会場への入場順がくじによって決まるとしよう。くじ運がいいと早く会場に入れて、好きな場所に陣取ることができる。くじ運が悪いと身動きもとれず見たいものも見れない場所に押し込められるかもしれない。これによって私が楽しめるかどうかが左右されるように、思える。ここは繊細なところなので慎重を期したいのだけれど、この不確定性にはそれ自体にも娯楽性がある。私は「くじ運がよかったからうれしい!」と思うかもしれない。

私が楽しめるかどうかは、ある程度の運に依存していると思う。その程度は、私の運に対する敏感さや、私を楽しませるきっかけの希少性によって変わる。逆に、これらを制御することによって運への依存度を軽減できるかもしれない。

「くじ運がよかったからうれしい!」を求めてその箱に通うとするじゃん。くじ引きに行ってるの。(たとえば)ステージ上のパフォーマンスを見に行ってるんじゃないの。このゆがみはささやかな内省によってやわらげられるかもしれないけれど、ずっとまとわりついてくる。くじ運への依存度を下げられないだろうか。たとえばAKB48劇場における「お立ち台」(会場の一番後ろにあるすこし高い段になった不安定な立ち席)とか、地下現場における「最前端っこ」(演者との距離が近く見やすく、場を盛り上げる責任を負わない位置)みたいな、人気があるわけではないがそれを好む人には大きな満足を与えるような、自分にとっての穴場がどこかにあるかもしれない。それを見つけられれば、よっぽど運が悪いとき以外は大きな不満がないという状況を作れる。

めったにセトリに入らない曲を期待して映画の予告編みたいな持ち時間しかない地底現場に行くとするじゃん。どうせ確率的に満足できないんだからもっとまともな現場に移ればいいじゃん。でも無理じゃん。だから「それが(確率的に十分に小さいという意味で)無いことは知っているけれど」って失望を最小化してみたり。持ち時間が長いライブを選んだり。きっかけを増やす試みもいろいろある。くじ運よりもセルフコントロールできる余地が広いなら健全なんじゃない。

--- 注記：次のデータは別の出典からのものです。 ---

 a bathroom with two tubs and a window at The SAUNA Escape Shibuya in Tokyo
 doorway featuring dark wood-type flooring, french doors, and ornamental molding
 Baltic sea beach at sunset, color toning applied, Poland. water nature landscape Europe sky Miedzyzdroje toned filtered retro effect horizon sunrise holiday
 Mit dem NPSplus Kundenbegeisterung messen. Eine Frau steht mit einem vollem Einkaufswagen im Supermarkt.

わずかな例ですが、楽しめるかどうかは運に依るという面を考えました。私が楽しめるかどうかは、私のなかにある真実味のある何か(感性とか情緒みたいな)に関係すると思いますが、それだけによって決まるわけではありません。運にも、純粋に確率的なものから、自分が関与する余地があるものまであります。余地を埋める試みをしてもいいですし、まったく別のゲームに乗り換えてもいいです。私は、私が依存している運の性質を知って、作戦を考えることができます。

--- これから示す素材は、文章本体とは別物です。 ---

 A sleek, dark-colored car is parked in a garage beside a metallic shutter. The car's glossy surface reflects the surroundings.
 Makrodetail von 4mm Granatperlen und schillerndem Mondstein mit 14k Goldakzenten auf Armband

「私は人々が楽しめることを楽しむ人々のように楽しめない」という悲しみは、心情的にはわかります。しかしそれはゲームの前提条件にも思えて、感想を作るのはもっとあとでもいいんじゃないとも思います。楽しめない要因が100%自分の内側にあると考えるのも不正確です。でもわかります。

楽しめない人々が「楽しめない」とうまくつきあえますように。